Several federal agencies have been scrutinizing the nation's largest banks over breakdowns in foreclosure procedures that erupted last fall. Last week, the Office of the Comptroller of the Currency said only a small number of borrowers had been improperly foreclosed upon. But the regulator raised concerns over inadequate staffing and weak controls over certain foreclosure processes.
A settlement must satisfy an unwieldy mix of authorities, including state attorneys general and regulators such as the newly formed Bureau of Consumer Financial Protection, who support heftier fines. They must also appease banking regulators, such as the OCC, that are concerned penalties could be too stiff.
"Nothing has been finalized among the states, and it's our understanding that the federal agencies we are in discussions with have not finalized their positions," said a spokesman for Iowa Attorney General Tom Miller, who is spearheading a 50-state investigation of mortgage-servicing practices.
On the utter economic futility of this idiotic action:
Bank executives say principal cuts don't necessarily improve payment patterns, and have told other parties involved in the talks that principal reductions could raise new complications. First, it will be difficult to determine who gets reductions and who doesn't. And even if banks agree to a $20 billion penalty, the number of mortgages that can be cured with that number is limited, one of these people said.
Any settlement could be one of the largest to hit the mortgage industry. In 2008, Bank of America settled claims worth more than $8.6 billion for loans allegedly involving predatory lending practices committed by Countrywide Finance Corp., which it acquired that year.

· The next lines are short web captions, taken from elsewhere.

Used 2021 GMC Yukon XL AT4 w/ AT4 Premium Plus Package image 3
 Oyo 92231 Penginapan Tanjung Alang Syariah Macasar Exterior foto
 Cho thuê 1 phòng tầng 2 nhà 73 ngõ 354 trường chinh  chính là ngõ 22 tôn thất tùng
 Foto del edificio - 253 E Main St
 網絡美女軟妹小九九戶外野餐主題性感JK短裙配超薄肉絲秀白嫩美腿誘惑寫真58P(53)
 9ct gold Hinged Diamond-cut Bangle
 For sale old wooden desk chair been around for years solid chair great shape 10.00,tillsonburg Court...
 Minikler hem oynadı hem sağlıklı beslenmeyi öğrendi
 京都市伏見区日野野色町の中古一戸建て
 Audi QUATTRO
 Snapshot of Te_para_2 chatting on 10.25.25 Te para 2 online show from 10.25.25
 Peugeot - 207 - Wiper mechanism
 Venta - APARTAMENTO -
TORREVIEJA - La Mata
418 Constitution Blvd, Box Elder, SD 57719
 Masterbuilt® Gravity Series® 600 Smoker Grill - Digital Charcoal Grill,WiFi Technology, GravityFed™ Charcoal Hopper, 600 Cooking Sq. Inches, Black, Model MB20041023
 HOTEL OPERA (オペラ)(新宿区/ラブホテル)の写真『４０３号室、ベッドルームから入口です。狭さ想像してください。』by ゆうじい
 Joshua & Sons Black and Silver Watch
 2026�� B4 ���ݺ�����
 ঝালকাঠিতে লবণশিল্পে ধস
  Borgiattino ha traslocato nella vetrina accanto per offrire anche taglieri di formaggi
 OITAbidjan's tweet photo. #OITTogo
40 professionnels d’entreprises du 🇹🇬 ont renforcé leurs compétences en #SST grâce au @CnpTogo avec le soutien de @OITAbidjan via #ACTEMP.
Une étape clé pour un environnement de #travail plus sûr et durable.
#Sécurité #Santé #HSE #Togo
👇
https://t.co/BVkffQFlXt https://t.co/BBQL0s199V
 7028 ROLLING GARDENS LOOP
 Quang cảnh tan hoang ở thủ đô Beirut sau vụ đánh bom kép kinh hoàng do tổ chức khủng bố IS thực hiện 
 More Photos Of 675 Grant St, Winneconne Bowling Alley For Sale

Of course the winner would be Obama's chances at getting reelected for a second term as teleprompter in chief. As for the outcome, now that the curve is flattening and the sad reality of the economic collapse is once again being appreciated, we will have a bank collapse that much sooner, leading to more trillions in taxpayer funded bail outs, so Wall Street can have another year of record bonuses, all the while the Chairsatan proceeds with QE 3, 4, 5, 6 and so forth. Which of course is the primary motive.